Talk:Bonseki
Appearance
This article is rated Start-class on Wikipedia's content assessment scale. It is of interest to the following WikiProjects: | ||||||||||||||||||||||||||||
|
"not to be confused with bonkei"
[edit]I am confused, because the image is the same as the one in the bonkei article, where it explicitly says it is of bonkei. So what is the difference? --Richardson mcphillips (talk) 15:53, 10 October 2013 (UTC)
- The Creative Commons world has a real dearth of images for both bonkei and bonseki, and it appears that of those few, some are mislabeled at the source. I am using one book published in English as reference for the Japanese terminology[1]. If its author was mistaken, my explication will also be mistaken.
- The picture that prompted your question has the file name "Yōshū Chikanobu Setsu Gekka Series II Bonkei.jpg". As you can see, the filename contains the term "bonkei" - to my knowledge, that term appears in error because the image portrays a bonseki, a small sand painting in a tray. In the text of the Wikimedia page where the image originally was uploaded, the term "bonkei" is not used (except, of course, in the filename). Wikimedia makes it difficult to change the filename of an uploaded item, so an initial error in the filename may be left in place for a long time or forever.
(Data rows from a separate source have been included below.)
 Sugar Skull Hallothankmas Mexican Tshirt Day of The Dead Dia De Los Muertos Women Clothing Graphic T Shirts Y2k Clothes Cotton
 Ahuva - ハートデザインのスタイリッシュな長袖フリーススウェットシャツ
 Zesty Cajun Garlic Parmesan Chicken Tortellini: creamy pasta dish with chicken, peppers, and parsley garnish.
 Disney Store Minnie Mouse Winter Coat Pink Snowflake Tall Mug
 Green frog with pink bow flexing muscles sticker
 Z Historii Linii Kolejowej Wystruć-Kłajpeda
- Because the filename contains the term "bonkei", the image has been attached to the Wikipedia Bonkei article a couple of times. It also appears correctly in the article Bonseki, where other similar images also appear. I have removed it from "Bonkei" again, so you will not experience the same confusion, but I have not been able to find an unencumbered bonkei image for the Wikipedia Bonkei article.
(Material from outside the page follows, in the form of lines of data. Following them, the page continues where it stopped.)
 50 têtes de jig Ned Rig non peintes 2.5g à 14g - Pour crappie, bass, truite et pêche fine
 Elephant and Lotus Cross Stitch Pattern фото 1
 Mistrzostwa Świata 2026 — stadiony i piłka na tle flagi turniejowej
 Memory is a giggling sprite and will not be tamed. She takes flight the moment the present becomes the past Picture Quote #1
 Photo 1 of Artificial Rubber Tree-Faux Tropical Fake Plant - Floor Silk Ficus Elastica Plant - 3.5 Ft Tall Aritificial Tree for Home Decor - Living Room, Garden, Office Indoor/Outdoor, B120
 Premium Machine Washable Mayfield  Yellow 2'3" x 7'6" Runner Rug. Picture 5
- When I try to describe bonkei without a picture nearby, I say that they resemble a Japanese model train layout, not too large, but showing the countryside 300 years ago - that is, no trains. There are sculpted hills, valleys, streams, lakes or oceans, and little models of people, trees, animals, and buildings or other structures. All items are three-dimensional and properly scaled. It does not seem to be a very active art form these days, which may explain why photos are in such short supply.
- References
- ^ Behme, Robert Lee (1969). Bonsai, Saikei and Bonkei: Japanese Dwarf Trees and Tray Landscapes. William Morrow and Co., Inc., New York. p. 209. ISBN 978-0-688-05205-8.